When you are running a cooperative with members who do not have work authorization, there are specific governance and management strategies that will help your cooperative avoid employee classification.
Governance and management strategies that will help avoid employee classification.
How authority is delegated in a business and how workers relate to each other are the most important considerations in deciding if someone is an employee or not. To make sure LLC worker-owners are not classified as employees they need to have ownership and control of the business.
Ways to ensure LLC worker-owners are not classified as employees:
- Make every member an owner.
- No hierarchy between workers.
- Members influence hiring/firing, strategy, & other major decisions.
- Avoid direct supervision.
- Members share in profits and losses.
- Avoid growing very large.
- Member-managed LLC.
- Choose Partnership taxation because the tax status allows you to be seen as “partners” rather than “employees” like in Patronage Taxation.
Things to avoid when worker-owners do not have work authorization:
- Avoid having the word “Manager” in some member’s title and not others.
- Do not give any management authority to non-members (i.e not have ownership stake in the company).
- Avoid growing too large as an individual business. In the I-9 context, Office of the Chief Administrative Hearing Officer (OCAHO) has also paid attention to the size of the entity. As an LLC grows, each individual member has less direct influence on business decisions. The OCAHO may find that a member who does not have work authorization with little ability to control the business is not actually an owner exempt from the I-9 requirement.

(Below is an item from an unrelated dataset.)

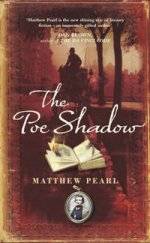 Poe Shadow (PB)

- Develop a candidacy process that does not require hiring candidates as employees and/or adopt a candidacy program that does not create an employee-employer relationship.
- A few ways coops can lessen the risk regarding candidacy periods:
- Make candidacy period members legal members of the LLC from the beginning of the probationary period.
- Can be 1⁄2 vote on all matters and/or limit their decision making power to major decisions.
- A few ways coops can lessen the risk regarding candidacy periods:
Internal coop structures ranked “least risky” to “most risky” for member owners without work authorization
Because there are many ways to internally structure a cooperative, here is a list that breaks down the least to most risky internal structure specific to an immigrant coop.
Worker’s compensation can provide benefits that typical health insurances do not
In California, an LLC is not required to take out a worker’s compensation insurance policy as long as:
- Every person listed on the LLC’s statement of information is a managing member.
- There are no employees or non-managing members working for the LLC.
Reasons to take out worker’s comp insurance anyway:
- Decreases likelihood that subcontractor will file suit if injured while working.
- Workers comp insurance provides benefits that typical health insurance policies do not like debt insurance.
- If a city/government agency is looking to contract with a business, they might require any business they contract with offer workers compensation (even with no employee)
Workers comp insurance provides benefits that typical health insurance policies do not. Workers comp provides:
- Medical Care
- First Aid Treatment
- Temporary Disability
- Permanent Disability
- Supplemental Job
- Displacement Benefit
- Death Benefits
In CA, if you decide to take out a policy:
- Premium amount based on type of business and annual payroll $ amount (assumes min. earnings of $54,600/year for each managing member).
- Each managing member must submit a signed waiver of coverage to the insurer in order to opt out.